Sometimes the sun comes out, sometimes the earth screams your name and sometimes the stars sing your praises. Those are the days wroth living for. Those are the moments worth waiting to come. That loneliness you feel inside, that hurt, that pain - it’s transient. The sun will come out, you just have to have hope.
Nobody stays in my life. Everyone stays for a few seconds, a few minutes, a few hours, a few days, weeks, maybe a year or so, but then they get tired of me. They realize what kind of person I am. What I represent. Who I am. That’s when they run away, leave or forget me. It’s just how it goes, I guess. I know I’m young, I know I’m naive but for now: I’m alone.
Anger is just disgusting. When I get angry I become a vile person, a person who radiates nasty and vicious actions. When I’m angry I become disinhibited and vulgar. Anger is my enemy, anger is my fault, anger is my corruption.
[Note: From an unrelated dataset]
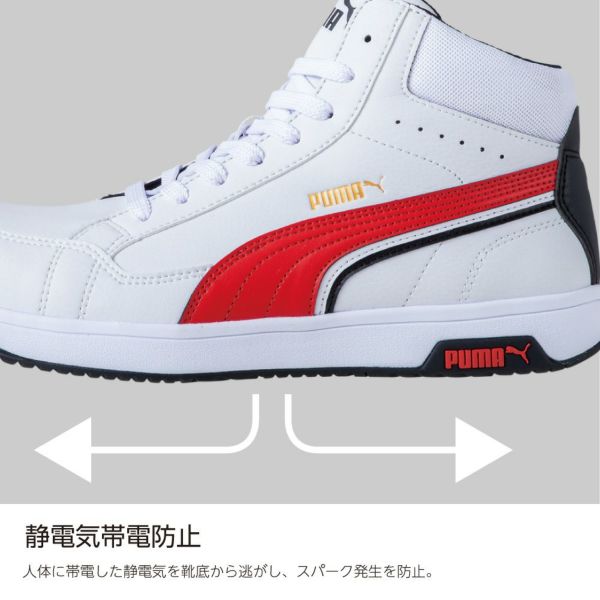 63.208.0 エアツイスト2.0 ホワイト ミッド（ヘリテイジ）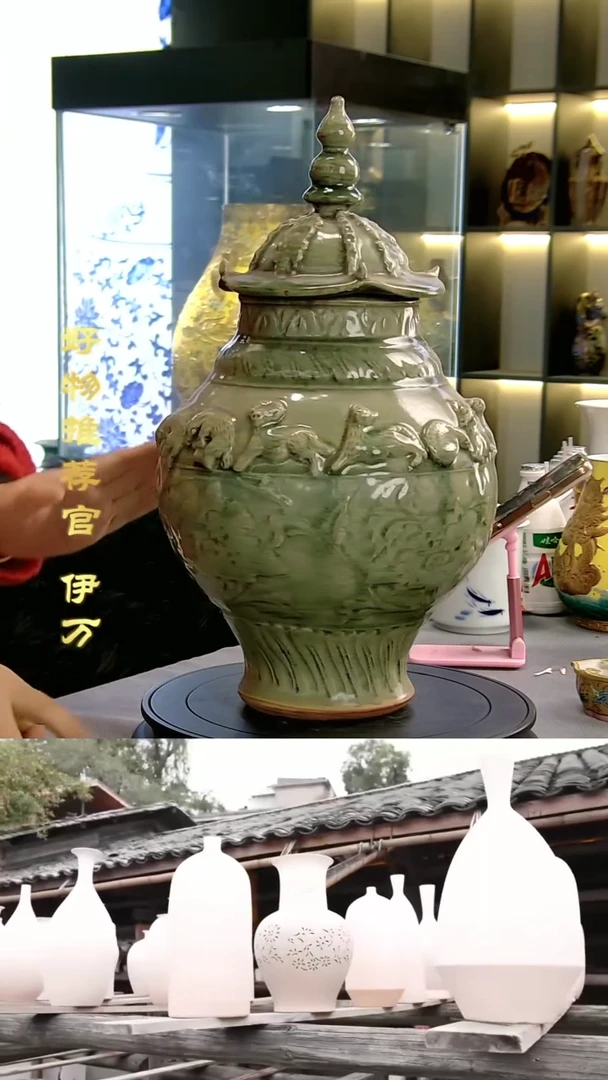 【闪购商品】摆件景德镇当代陶瓷摆件96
Feeling lonely, it is vile, it is disgusting and it is sad. Feeling lonely makes you insecure, emotional and crazy. Feeling lonely takes you on this vomit-filled ride and you can’t escape it. Oh yeah, I get it, feeling lonely is horrible, but you know what else is horrible? People without parents, people begging for food on the street for a loaf of bread, people who have no family, no friends, no home. There is worse our there and feeling lonely is something curable. It is something self-inflicted. You know, we say that it’s inevitable, we say that it can’t be helped, but mind over matter people. Will power, strength, and being a pillar for your own life. It’s not impossible people, go out in the sunshine, go out in the rain, go out in a blizzard and make something beautiful happen. Drink some tea, hop to the store, sing a tune, shower with your bikini on and say “hello” to a stranger. You see? You can fix yourself, you can take away the loneliness, it’s very possible.
At the moment I’m going to label you will: asshole.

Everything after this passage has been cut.